== About this task ==
Copy out the full listing exactly, omitting any picture it contains.
BEGIN
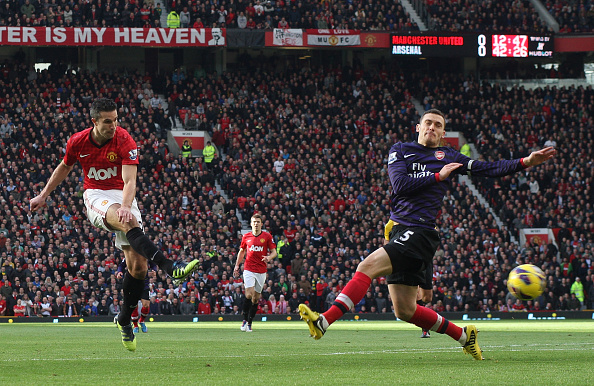 Manchester United v Arsenal - Premier League : News Photo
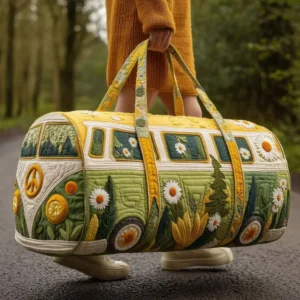 حقيبة سفر مبطنة كبيرة السعة بتصميم ثلاثي الأبعاد، حقيبة يد للرحلات القصيرة - AliExpress 1524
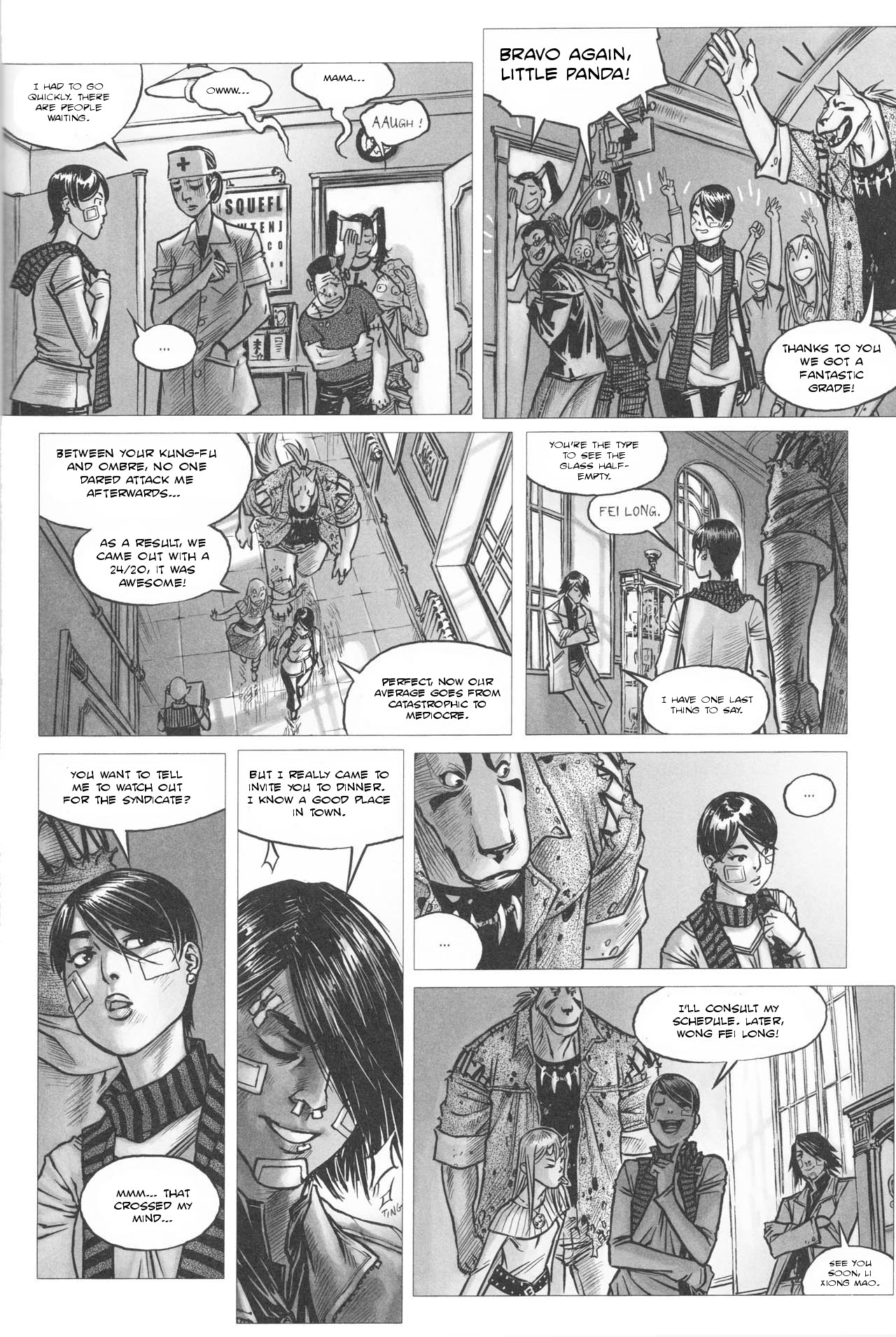 Read online Freaks' Squeele comic -  Issue #1 - 133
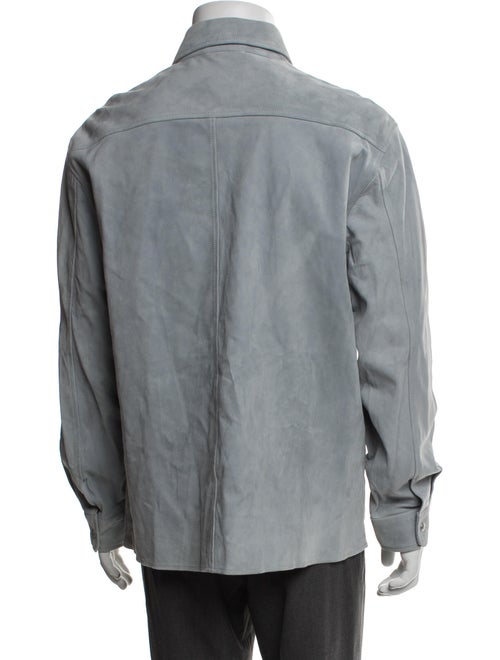 FRAME Lamb Leather Jacket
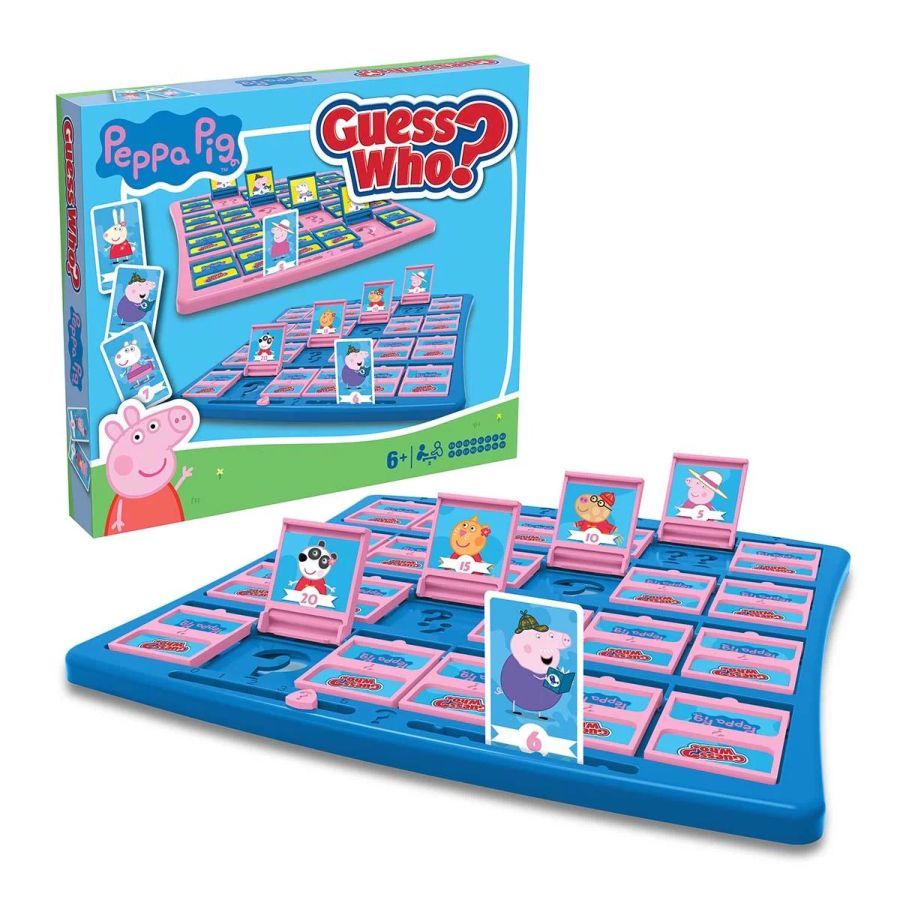 Guess Who – Peppa Pig Edition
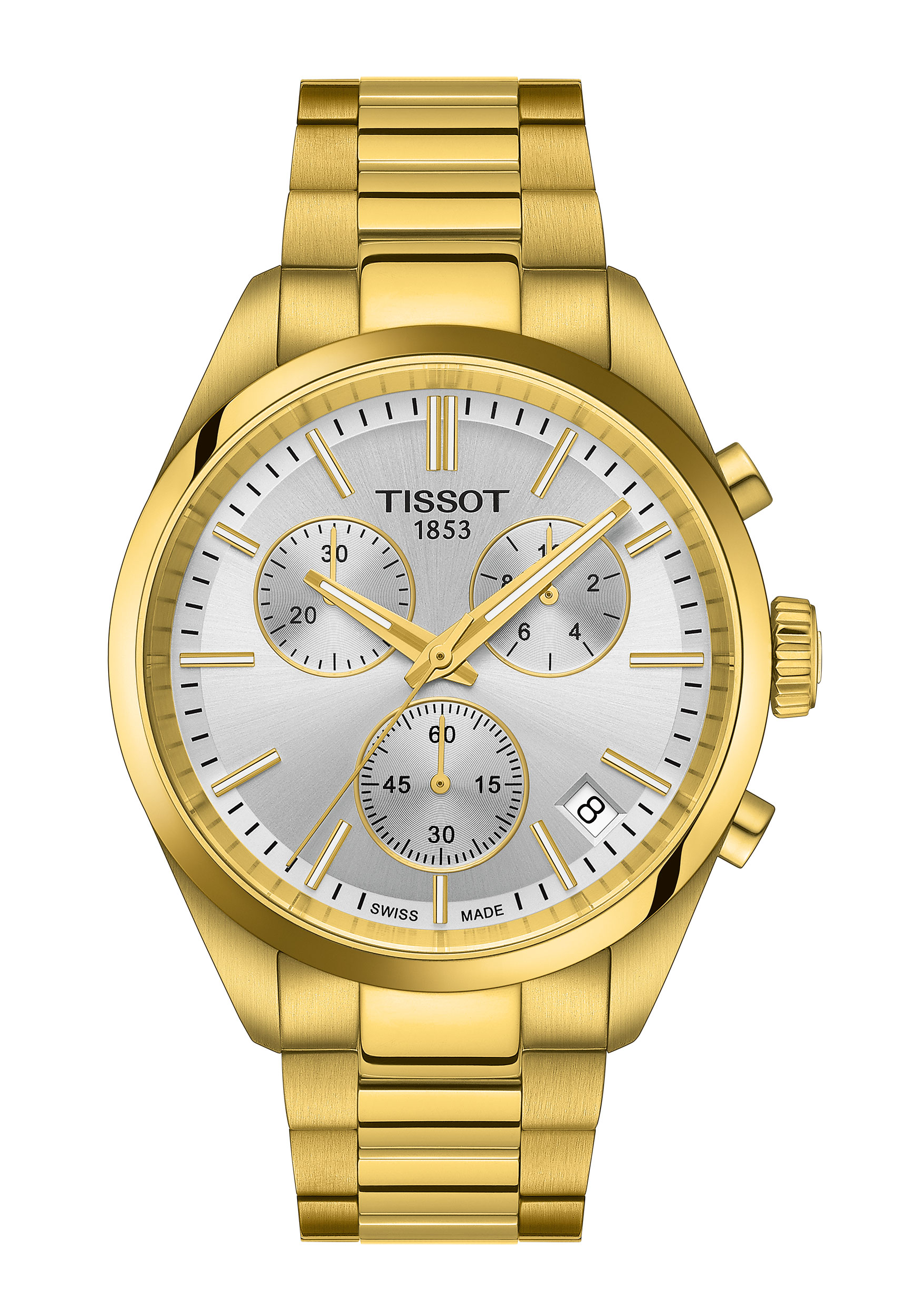 Tissot PR100 Quartz Chronograph 40mm T150.417.33.031.00
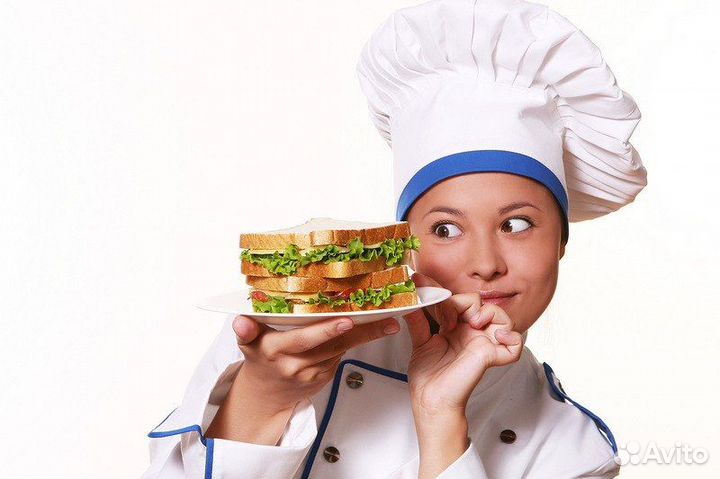 Работники в ресторан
END
== Response to this task ==
 Manchester United v Arsenal - Premier League : News Photo
 حقيبة سفر مبطنة كبيرة السعة بتصميم ثلاثي الأبعاد، حقيبة يد للرحلات القصيرة - AliExpress 1524
 Read online Freaks' Squeele comic -  Issue #1 - 133
 FRAME Lamb Leather Jacket
 Guess Who – Peppa Pig Edition
 Tissot PR100 Quartz Chronograph 40mm T150.417.33.031.00
 Работники в ресторан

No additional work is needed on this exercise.